Map of the proposed Nord Stream and connecting pipelines. (Samuel Bailey, CC BY 3.0, Wikimedia Commons)

The cutting-edge question in trans–Atlantic relations as NS 2 makes plain, is Russia. An impulse toward autonomy in trans–Atlantic ties has been articulated with greater conviction since Emmanuel Macron hosted the G–7 session in Biarritz in summer 2019. The French president’s voice has grown ever more persistent and won gradually increasing support from the Germans.

Macron’s topic was always the U.S. but turned on his Gaullist desire to advance beyond Washington’s Cold War binary. “With Russia, the policy of progressive sanctions on frozen situations is no longer an effective policy,” Macron said last week. “We are at a moment of truth in our relationship with Russia, which should lead us to rethink the terms of the tension that we decide to put in place.”

Do Biden or any of his people have the sophistication and gravitas to respond effectively to these profoundly challenging statements? It seems almost silly to ask. Wanted: A Europe policy that takes account of what time it is on history’s clock. One does not hold one’s breath.

As to the Middle East and West Asia, we have five cases of what appear to be Biden’s abiding preoccupation with smoke-and-mirrors appearances as against reality, and one question on which the administration’s position is all too clear.

We are told that indirect talks with the Iranians in a Vienna hotel are gradually progressing, but this sounds like so much diplo-speak. Biden’s people are asking too much of Tehran, know they are asking too much, and have no true intention of rejoining the 2015 accord governing its nuclear programs.

I have already noted the apparent fraud of Biden’s early announcement concerning Yemen. His subsequent decision to schedule the withdrawal of U.S. troops from Afghanistan by Sept. 11 would count as his best policy move to date, except that, as noted previously in this space, we do not yet know what he means by “withdrawal.” This will almost certainly turn out to be something other than the end of America’s longest war. 

No Syria Retreat

Last week the administration announced that it will not renew the just-expired license granted last year to Delta Crescent Energy, a concern with extensive political and military connections, to pump and refine Syrian oil. It would be nice if this were the start of a similar withdrawal from the Syrian Arab Republic, but this is an administration that bombed Syrian positions within weeks of taking office and has done nothing since to indicate it intends to abandon the third of Syria it illegally occupies. A similar situation obtains in Iraq, where U.S. troops are no longer welcome as a matter of Iraqi law but appear to be going nowhere.

We come to Israel, alas.

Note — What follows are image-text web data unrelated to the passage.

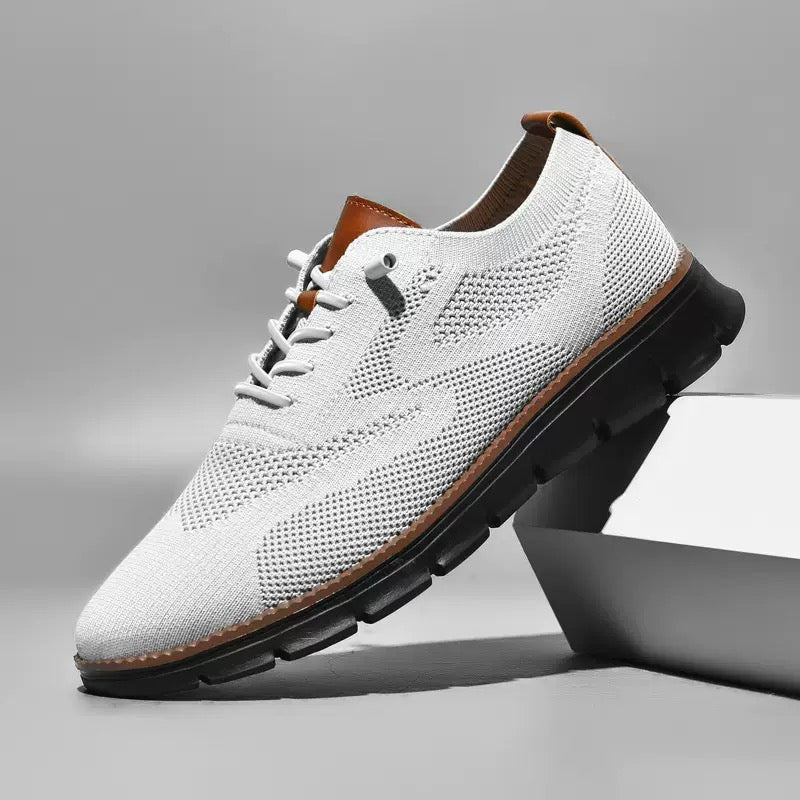 Men’s Flyknit Wingtip Cushioned Lightweight Sneakers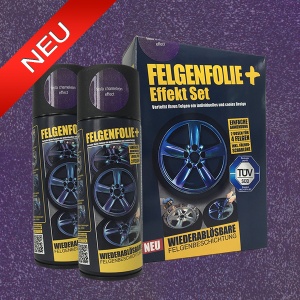 FELGENFOLIE+ Effekt Set, 2 x 400 ml, Chamäleon, Tesla Chameleon Effect (€44,99/l)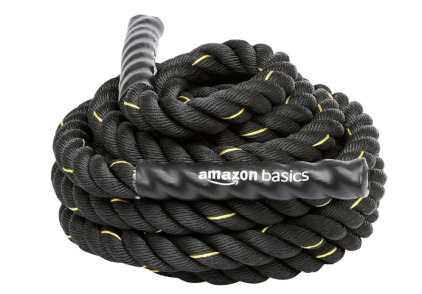 (1) Amazon Basics Battle Exercise Training Rope: 30-Foot Length, 1.5-Inch Wide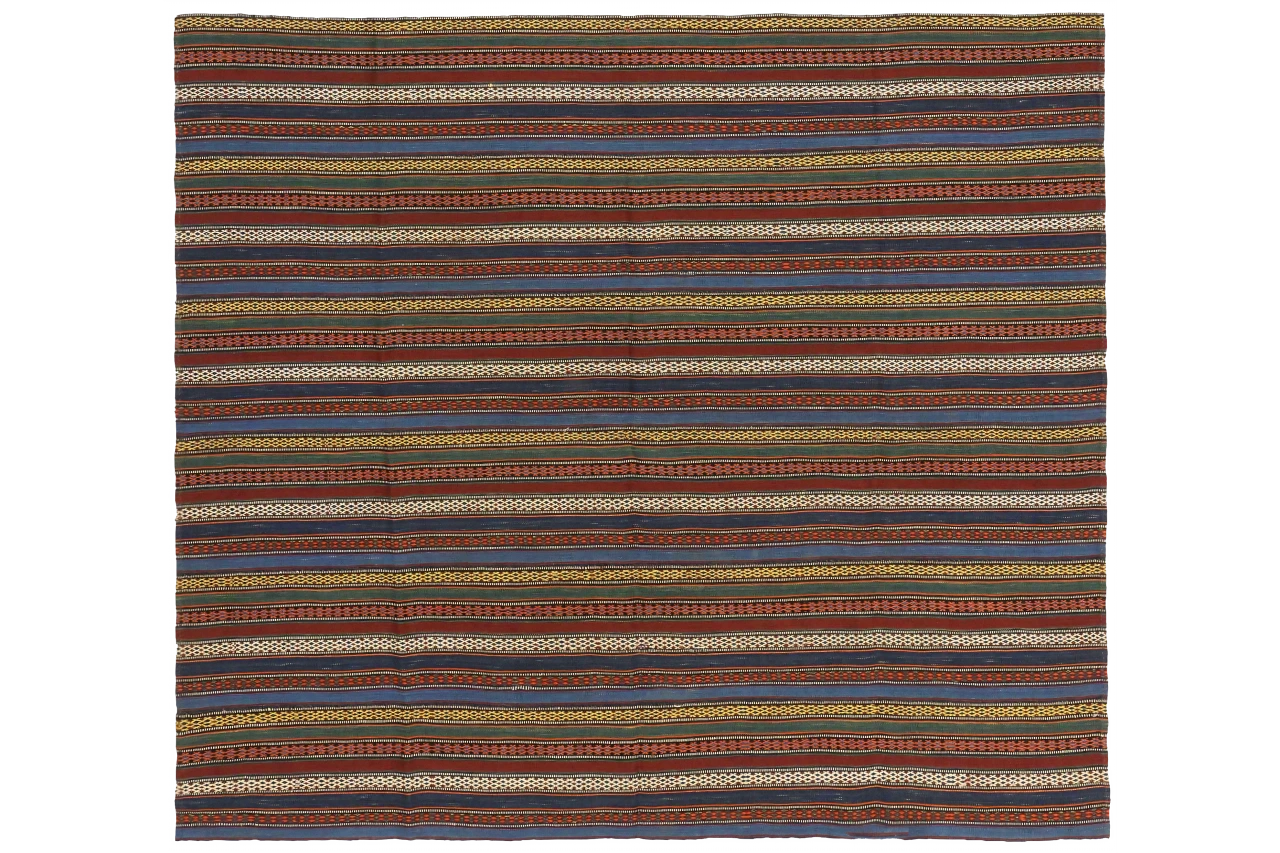 Antique Persian Transitional Rug 13563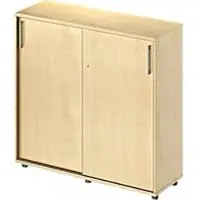 Schäfer Shop schuifdeurkast TETRIS WOOD, 3 OH, B 1200 mm, hoogte incl. glijders, ahorn decor
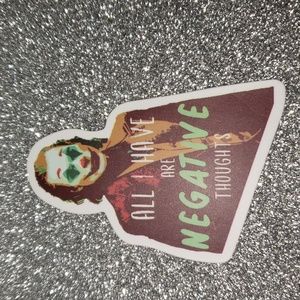 DC COMICS Batman Joker Waterproof Sticker Phoenix Quote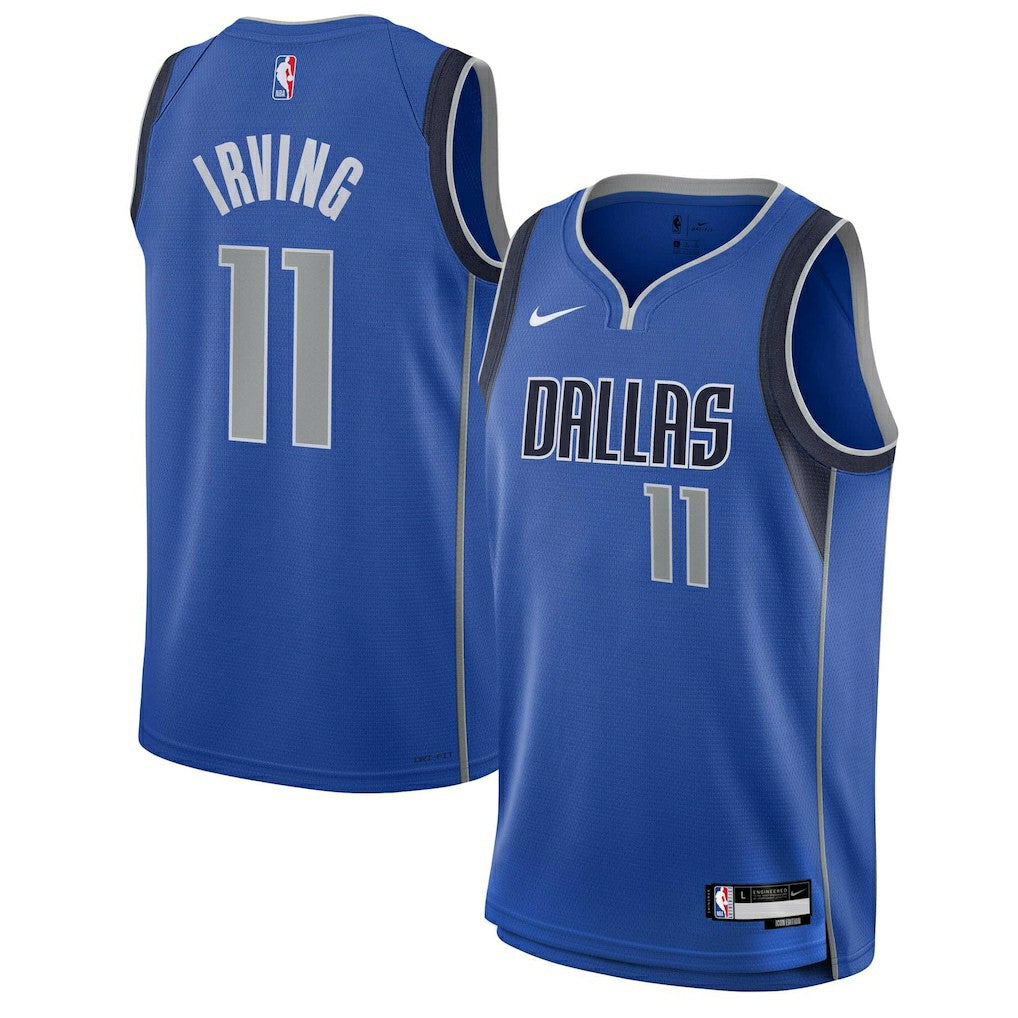 Kyrie Irving Dallas Mavericks Youth Swingman Jersey Icon Editi- Blue - NBA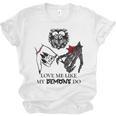 Love Me Like My Demons Do Dark Romance Merch Smutty Book Unisex Jersey T-Shirt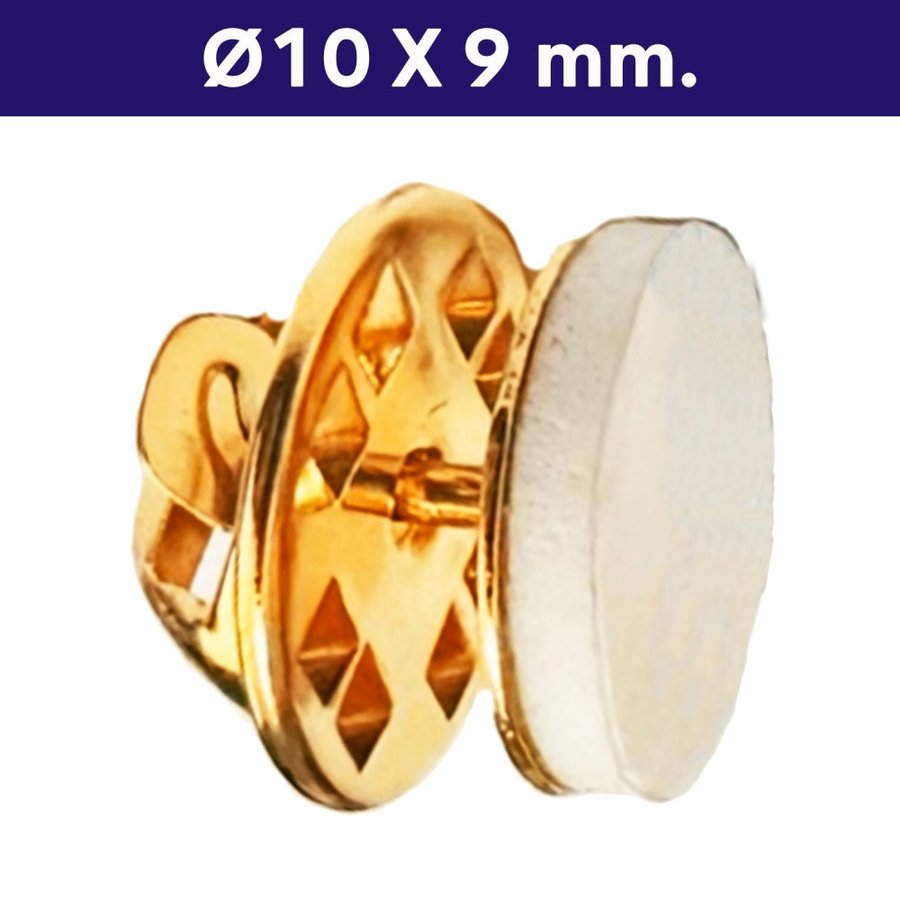 Soporte Piocha con Cierre Mariposa+pegamento DORADO SOMA01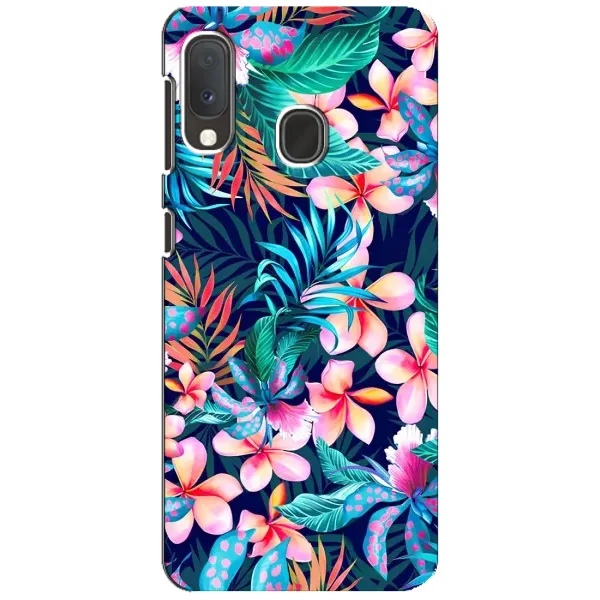 Чехол с принтом «Красочные цветы» для Samsung Galaxy A20e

Here, too, the professedly Zionist Biden has no policy other than to allow Israel to set U.S. policy. That is the policy, and there is, of course, zero likelihood it will change. One can hardly wait to see what comes of Blinken’s declared intention to aid reconstruction of the Gaza Strip after apartheid Israel’s recent aerial attacks.

Do I describe an incoherent American leader and his lieutenants, who speak gibberish because, having no reply to our moment, the last thing they want is to be understood? I do. Do I write of a powerful nation that has—a different thing—lost its strength and is critically weakened? This, too.

It is frightening, yes, but our leaders decided in the aftermath of the 2001 events that this is how they will go — not imaginatively or creatively, but inanely.